My thoughts also. Grapefruit is easily available and won’t risk your liver

I wouldn’t add another drug into the mix, especially not a dirty (or “promiscuous” is the proper term, haha) drug like ketoconazole. Liver toxic, impacts P-gp and CYP3A4. It also inhibits steroid hormone production.

I’d rather stump up the extra money to pay whatever additional costs, or use grapefruit juice.

Now I’m concerned. I’ve just ordered a good supply out of India, coming by way of the UAE. I’m sure hoping I don’t run into issues at the border!

Keep us informed, please.

My rapa stash is around 300mg so at my current dosing 12mg/month, its enough for a couple of years. I have taken it with keta before, but now I’m more cautious. IDK the “proper” dosing for me, so I’ve varied dosing over the years.
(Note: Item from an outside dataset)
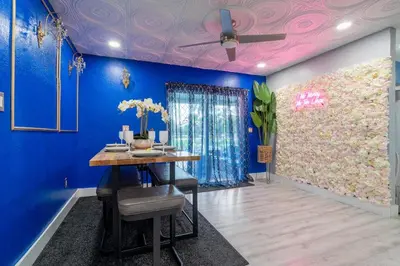 a dining room with blue walls and a ceiling with a ceiling fan at Renovated Sept 2024! Pool - Mini Golf - Volleyball in Joe Robbie Stadium Heliport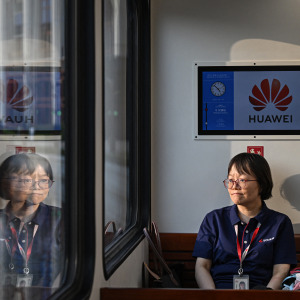 A Huawei employee travels on a shuttle train at Huawei Lianqiu Lake research campus during a media tour in Shanghai.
If I decide to increase dosing I’ll consider keta, but I take alot of medicines that would be effected. So I’d take 200mg keta the night before rapa dosing, 200mg keta on waking/coffee, then rapa after breakfast. Also for that day, I wouldn’t take any other drugs/supplements. I figure I can miss one day a month of even “critical” meds like blood pressure meds, and occasionally I do miss doses, that’s life.

From previous self-experimentation, I’ve got more than 100 doses of keta. So a large varied stash is great to have in hard times, never can tell what you might need.

Matt K uses an intermittent Rapa protocol which has been shown in mice studies to be just as effective, and it limits some of the downsides such as hypolomepia and mTor1 issues. I use 12 weeks on 8 weeks off.with 8 gr/ 1x a week
Be careful, you don’t about your immune system
I use 12 weeks on, 10 weeks off with

does the amount of GFJ matter? I have been taking 12oz 1hr prior to dosing because I had seen 8-12oz as the common amount being taken. But I wonder if drinking say; 16oz would increase the effect more than 8 or 12 oz?

I eat 2 whole grapefruits. So that’s what I go with.

A single grapefruit has 5-6 ounces of juice.

A thought… you might want to take GFJ at least 2 hours before rapamycin dose.

I was taking fresh GFJ with my rapamycin dose. Didn’t move the needle one bit. As if taking with no GFJ. FYI.

I had read elsewhere on here a couple of times that 1 to 1 1/2 hr before dosing was a good time frame so I usually dose about 75 mins after GFJ.

I’m trying to find out if drinking a larger amount say 16oz or so gives a greater multiplier.